„Civitas Cunt“ thematisiert variantenreich, teils verspielt, Geschlechterungerechtigkeiten, nicht zuletzt im Städtebau.
Ausgehend von Architekturmodellen, in die sie mit einer Handykamera immer wieder reinzoomen, thematisieren Chantal Dubs und Petra Schnakenberg in (schau-)spielerischer Manier viele Benachteiligung von Frauen, nicht nur, aber schwerpunktmäßig eben im Städtebau. Da noch immer ein viel zu großer Teil von Care-Arbeit an Frauen hängen bleibt, sind es auch sie, die in erster Linie bauliche Hürden zu überwinden haben. Da gleichzeitig in der Stadtplanung und im Hausbau wiederum oft Männer die Tonangebenden und Ersteller von Richtlinien sind, wird wenig, zumindest nicht genügend getan, um solche Barrieren erst gar nicht zu errichten.
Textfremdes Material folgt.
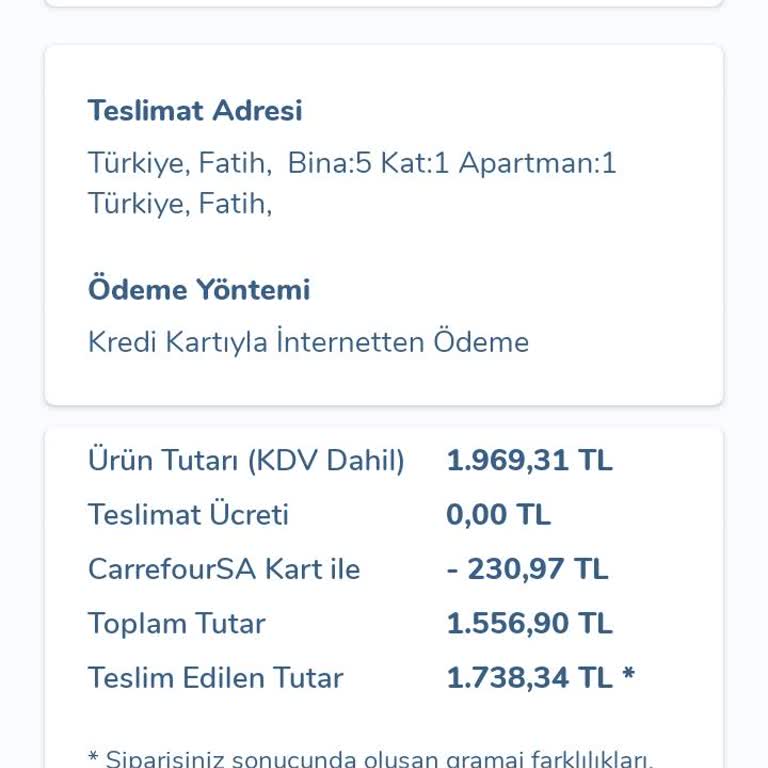 Eksik Ürünlere Rağmen İndirim İptal Edildi, Fazladan Ücret Alındı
Oder darauf zu achten, dass öffentliche Räume gut ausgeleuchtet und einsehbar sind. Nicht zuletzt kommt die bei praktisch allen öffentlichen Orten – ob Gastronomie oder Veranstaltungshäuser wie Theater, Kinos… – ständig zu beobachtende Klo-Lücke zur Sprache. Lange Warteschlangen auf den Frauen-Toiletten, weil es von denen zu wenige gibt, lassen doch im Gegensatz dazu viele Männer im Stehen an Pissoirs ihr Wasser ab, was weniger Zeit in Anspruch nimmt.
Die beiden tauchen bald nach Beginn als Handwerkerinnen mit Werkzeugkoffer auf. Gegen Ende präsentieren sie auf dem dritten der fahrbaren Tische mit den Stadtteil-Modellen ein viele Aspekte von Planung mit weiblichem Blick berücksichtigendes Viertel – als von Weitem sichtbares Statement in einer Form, die an eine Vulva denken lässt, was sie auch so postulieren. Und ihrem Stück – die beiden haben es auch konzipiert, Schnakenberg die ganzen Modelle gebaut – gaben sie den Titel „Civitas Cunt“ (Stadt plus ein eher vulgäres Wort für Vulva).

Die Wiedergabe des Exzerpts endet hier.